• **Records for the exercise**
────────────────────

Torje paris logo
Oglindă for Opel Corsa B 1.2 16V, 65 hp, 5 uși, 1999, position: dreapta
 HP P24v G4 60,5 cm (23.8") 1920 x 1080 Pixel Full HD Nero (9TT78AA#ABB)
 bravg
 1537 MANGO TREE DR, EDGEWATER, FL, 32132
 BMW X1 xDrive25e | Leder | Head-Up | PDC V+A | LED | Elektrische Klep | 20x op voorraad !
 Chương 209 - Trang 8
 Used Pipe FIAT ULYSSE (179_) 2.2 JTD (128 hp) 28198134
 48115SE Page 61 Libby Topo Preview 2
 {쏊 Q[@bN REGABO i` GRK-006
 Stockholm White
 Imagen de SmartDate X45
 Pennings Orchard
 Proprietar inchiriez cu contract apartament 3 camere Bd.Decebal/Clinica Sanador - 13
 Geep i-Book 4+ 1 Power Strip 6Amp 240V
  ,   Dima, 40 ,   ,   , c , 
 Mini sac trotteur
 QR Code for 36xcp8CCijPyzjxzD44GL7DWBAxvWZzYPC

────────────────────

The records must be given again in full, exactly as shown.

Torje paris logo
Oglindă for Opel Corsa B 1.2 16V, 65 hp, 5 uși, 1999, position: dreapta
 HP P24v G4 60,5 cm (23.8") 1920 x 1080 Pixel Full HD Nero (9TT78AA#ABB)
 bravg
 1537 MANGO TREE DR, EDGEWATER, FL, 32132
 BMW X1 xDrive25e | Leder | Head-Up | PDC V+A | LED | Elektrische Klep | 20x op voorraad !
 Chương 209 - Trang 8
 Used Pipe FIAT ULYSSE (179_) 2.2 JTD (128 hp) 28198134
 48115SE Page 61 Libby Topo Preview 2
 {쏊 Q[@bN REGABO i` GRK-006
 Stockholm White
 Imagen de SmartDate X45
 Pennings Orchard
 Proprietar inchiriez cu contract apartament 3 camere Bd.Decebal/Clinica Sanador - 13
 Geep i-Book 4+ 1 Power Strip 6Amp 240V
  ,   Dima, 40 ,   ,   , c , 
 Mini sac trotteur
 QR Code for 36xcp8CCijPyzjxzD44GL7DWBAxvWZzYPC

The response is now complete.